In the heart of an ever-gentrifying New York City neighborhood, the Nuyorican Poets Café was once called “the most integrated place on the planet” by none other than Beat poet Allen Ginsberg. Today it remains a wildly diverse venue still influenced by its mostly Puerto Rican founders who claimed it as a site of artistry and resistance in 1973.
Poet and founder Miguel Algarín and his artist friends just wanted a place to get together to create. By the 1990s, the Café was the epicenter of Slam Poetry in the country.

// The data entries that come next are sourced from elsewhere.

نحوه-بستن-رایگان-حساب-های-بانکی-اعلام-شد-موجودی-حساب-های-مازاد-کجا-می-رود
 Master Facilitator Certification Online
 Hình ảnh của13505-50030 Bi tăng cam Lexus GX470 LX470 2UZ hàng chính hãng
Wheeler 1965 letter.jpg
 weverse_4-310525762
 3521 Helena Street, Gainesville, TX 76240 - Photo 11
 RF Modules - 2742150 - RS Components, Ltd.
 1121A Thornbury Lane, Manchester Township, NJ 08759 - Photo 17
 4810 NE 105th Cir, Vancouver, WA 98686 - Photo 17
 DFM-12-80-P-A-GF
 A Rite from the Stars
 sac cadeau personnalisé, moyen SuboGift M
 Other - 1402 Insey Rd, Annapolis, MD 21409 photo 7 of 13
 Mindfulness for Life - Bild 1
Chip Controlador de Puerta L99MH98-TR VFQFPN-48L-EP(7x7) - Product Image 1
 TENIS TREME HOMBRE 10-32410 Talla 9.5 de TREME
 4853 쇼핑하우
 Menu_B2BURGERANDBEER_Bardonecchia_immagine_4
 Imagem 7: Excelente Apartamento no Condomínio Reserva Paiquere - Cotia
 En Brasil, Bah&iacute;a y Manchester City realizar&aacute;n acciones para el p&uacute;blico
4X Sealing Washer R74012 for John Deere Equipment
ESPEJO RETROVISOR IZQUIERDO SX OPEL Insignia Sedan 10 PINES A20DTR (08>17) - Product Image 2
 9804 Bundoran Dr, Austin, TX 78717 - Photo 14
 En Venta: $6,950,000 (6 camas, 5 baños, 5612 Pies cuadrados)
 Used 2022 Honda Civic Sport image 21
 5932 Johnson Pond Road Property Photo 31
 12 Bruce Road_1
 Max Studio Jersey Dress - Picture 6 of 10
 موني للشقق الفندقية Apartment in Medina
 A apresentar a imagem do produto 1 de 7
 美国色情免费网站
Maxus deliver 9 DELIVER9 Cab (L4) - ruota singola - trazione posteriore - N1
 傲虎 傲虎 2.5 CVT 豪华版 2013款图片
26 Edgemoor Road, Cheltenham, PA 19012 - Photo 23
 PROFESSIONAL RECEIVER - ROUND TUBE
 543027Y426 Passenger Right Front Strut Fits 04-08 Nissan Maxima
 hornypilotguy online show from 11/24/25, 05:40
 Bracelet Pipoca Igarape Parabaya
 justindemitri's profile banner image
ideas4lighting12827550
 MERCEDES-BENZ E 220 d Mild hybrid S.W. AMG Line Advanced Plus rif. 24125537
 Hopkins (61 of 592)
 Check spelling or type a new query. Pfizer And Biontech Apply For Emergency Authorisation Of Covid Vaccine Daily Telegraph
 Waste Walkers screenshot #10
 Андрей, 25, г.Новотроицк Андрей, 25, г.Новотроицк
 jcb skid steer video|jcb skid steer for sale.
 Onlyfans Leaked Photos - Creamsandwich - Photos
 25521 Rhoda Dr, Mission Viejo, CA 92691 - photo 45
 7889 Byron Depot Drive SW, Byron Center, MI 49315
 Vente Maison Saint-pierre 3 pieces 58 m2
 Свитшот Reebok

With its focus on spoken word, and slam poetry in particular (though it also hosts hip-hop, rap, and Latin jazz artists), the Café embodies the belief that anyone can take the stage and interpret one of the most accessible art forms. “The philosophy and purpose of the Nuyorican Poets Café has always been to reveal poetry as a living art,” Algarín wrote in the anthology Aloud: Voices from the Nuyorican Poets Café.
That feeling remains.
On a recent Open Mic night, for example, audiences were treated to a raunchy stand-up set about girls with big body parts by a tall Haitian man, a convulsive spit session by a wiry New Zealander, a rap performance about coffee and water that elicited plenty of hollering, and a moving socially conscious piece called “Don’t Do That” that felt like a woke listicle come alive thanks to its thumping beats. “Let’s all do the best to not elect a reptile,” the performer intoned, “and don’t do any drugs made in the 80s.” It even called out the rampant homophobia that often greets provocative rap performers: “Don’t say no homo; we’re all gay as f*ck.”